▶ EXERCISE OBJECTIVE
As the lines appear below, please set them down exactly, starting at the first and finishing with the one containing "Afro Dorado".

[Dataset excerpts]
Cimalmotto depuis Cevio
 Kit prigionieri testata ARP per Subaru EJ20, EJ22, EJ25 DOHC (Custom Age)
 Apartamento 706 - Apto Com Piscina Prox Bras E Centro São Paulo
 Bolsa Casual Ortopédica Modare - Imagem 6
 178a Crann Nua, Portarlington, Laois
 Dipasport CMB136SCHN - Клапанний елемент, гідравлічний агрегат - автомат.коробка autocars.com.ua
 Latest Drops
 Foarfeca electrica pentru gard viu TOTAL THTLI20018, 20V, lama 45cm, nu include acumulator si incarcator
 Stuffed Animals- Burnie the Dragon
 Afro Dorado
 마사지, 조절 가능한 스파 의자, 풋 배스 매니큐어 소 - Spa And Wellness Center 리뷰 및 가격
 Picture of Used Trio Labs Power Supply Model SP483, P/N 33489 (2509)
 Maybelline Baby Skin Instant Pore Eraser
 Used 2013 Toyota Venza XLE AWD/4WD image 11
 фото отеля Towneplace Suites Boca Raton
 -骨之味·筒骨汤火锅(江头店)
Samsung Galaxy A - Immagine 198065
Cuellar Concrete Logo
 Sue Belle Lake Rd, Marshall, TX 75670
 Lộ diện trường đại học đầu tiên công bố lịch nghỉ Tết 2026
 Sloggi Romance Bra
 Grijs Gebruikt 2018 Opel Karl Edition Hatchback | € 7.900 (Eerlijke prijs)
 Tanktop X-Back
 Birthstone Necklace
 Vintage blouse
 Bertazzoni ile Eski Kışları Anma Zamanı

▶ EXPECTED ANSWER
Cimalmotto depuis Cevio
 Kit prigionieri testata ARP per Subaru EJ20, EJ22, EJ25 DOHC (Custom Age)
 Apartamento 706 - Apto Com Piscina Prox Bras E Centro São Paulo
 Bolsa Casual Ortopédica Modare - Imagem 6
 178a Crann Nua, Portarlington, Laois
 Dipasport CMB136SCHN - Клапанний елемент, гідравлічний агрегат - автомат.коробка autocars.com.ua
 Latest Drops
 Foarfeca electrica pentru gard viu TOTAL THTLI20018, 20V, lama 45cm, nu include acumulator si incarcator
 Stuffed Animals- Burnie the Dragon
 Afro Dorado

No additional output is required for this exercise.